Given information below:

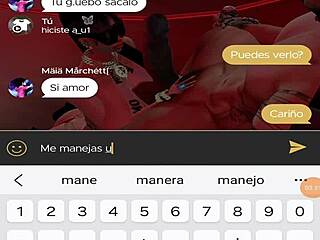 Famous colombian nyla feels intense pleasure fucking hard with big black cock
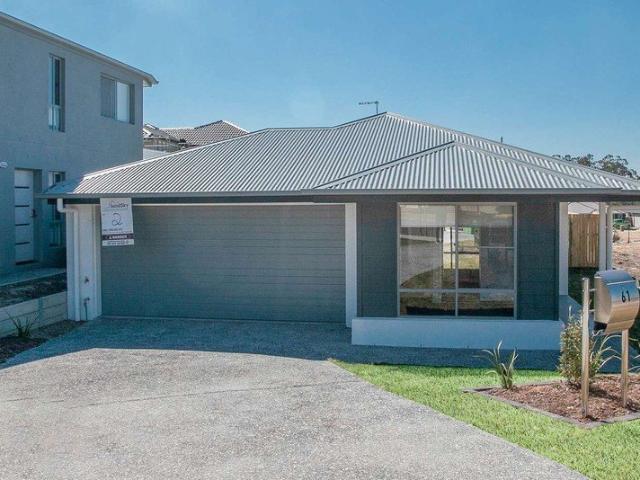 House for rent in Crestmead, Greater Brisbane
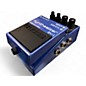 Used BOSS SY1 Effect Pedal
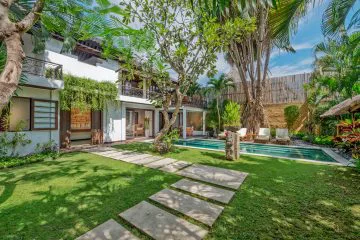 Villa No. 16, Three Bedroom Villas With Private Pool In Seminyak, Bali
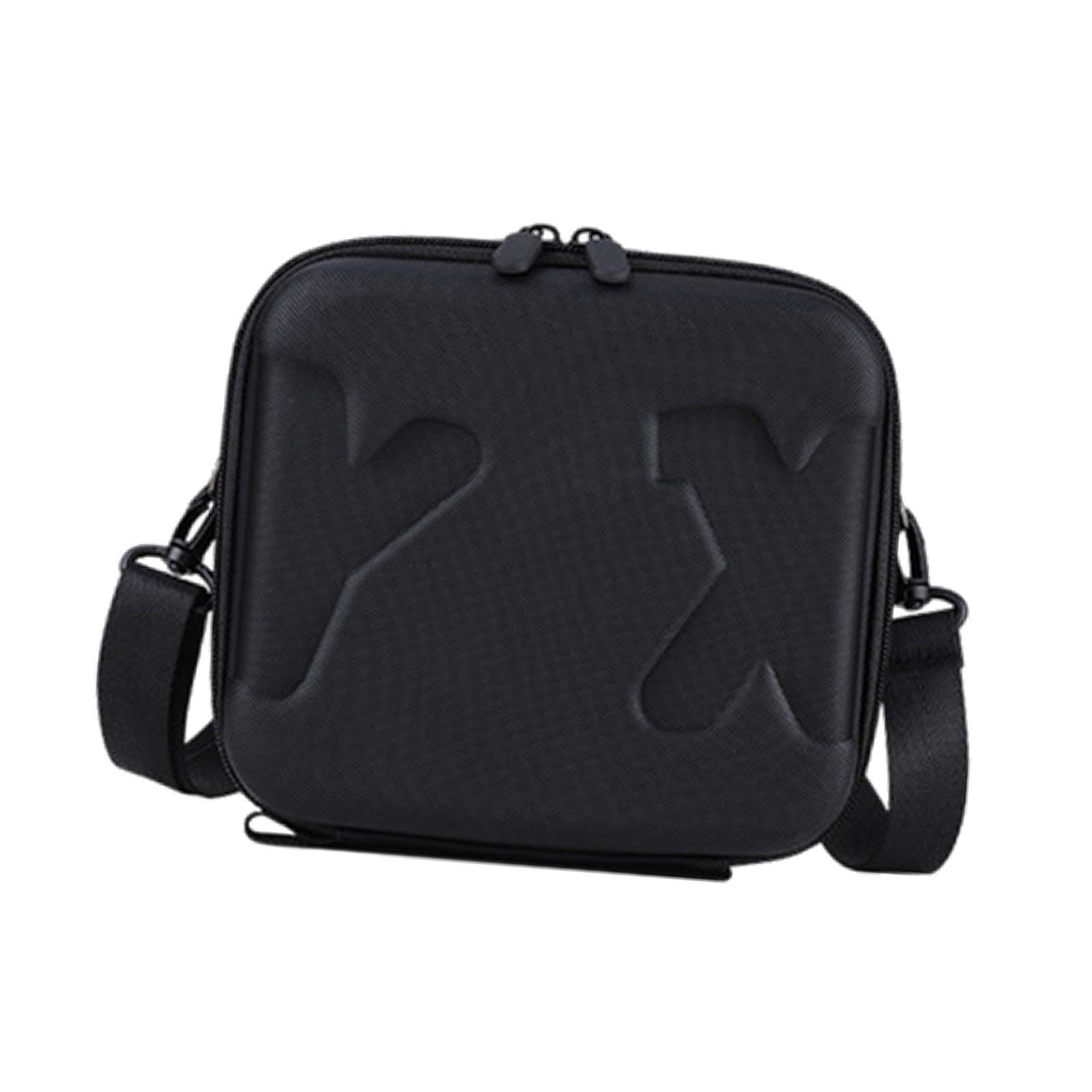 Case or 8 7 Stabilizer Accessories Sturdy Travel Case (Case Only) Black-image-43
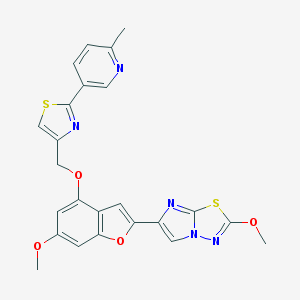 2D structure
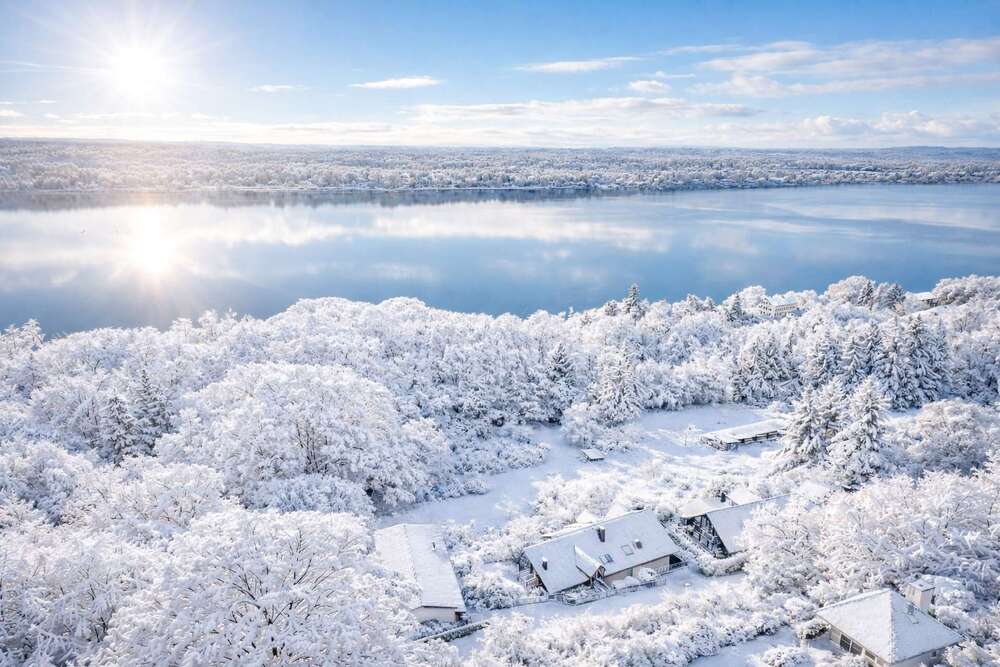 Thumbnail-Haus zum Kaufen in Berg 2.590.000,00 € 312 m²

End of Given information.
Given information below:

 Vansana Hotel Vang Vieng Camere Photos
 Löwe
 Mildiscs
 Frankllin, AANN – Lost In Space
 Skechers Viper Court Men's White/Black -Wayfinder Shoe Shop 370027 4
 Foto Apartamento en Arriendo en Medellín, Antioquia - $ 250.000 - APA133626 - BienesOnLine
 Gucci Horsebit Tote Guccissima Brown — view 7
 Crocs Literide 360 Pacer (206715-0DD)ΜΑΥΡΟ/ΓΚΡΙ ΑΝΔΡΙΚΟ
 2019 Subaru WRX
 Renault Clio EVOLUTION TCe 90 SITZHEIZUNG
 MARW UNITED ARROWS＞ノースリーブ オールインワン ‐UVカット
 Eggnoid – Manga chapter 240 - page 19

End of Given information.

> _What the exercise asks_
Copy out, exactly and alone, the lines of the entries above between the ones holding "Crocs Literide 360" and "Eggnoid – Manga chapter 240 - page 19", inclusive.

> _Result of this exercise_
 Crocs Literide 360 Pacer (206715-0DD)ΜΑΥΡΟ/ΓΚΡΙ ΑΝΔΡΙΚΟ
 2019 Subaru WRX
 Renault Clio EVOLUTION TCe 90 SITZHEIZUNG
 MARW UNITED ARROWS＞ノースリーブ オールインワン ‐UVカット
 Eggnoid – Manga chapter 240 - page 19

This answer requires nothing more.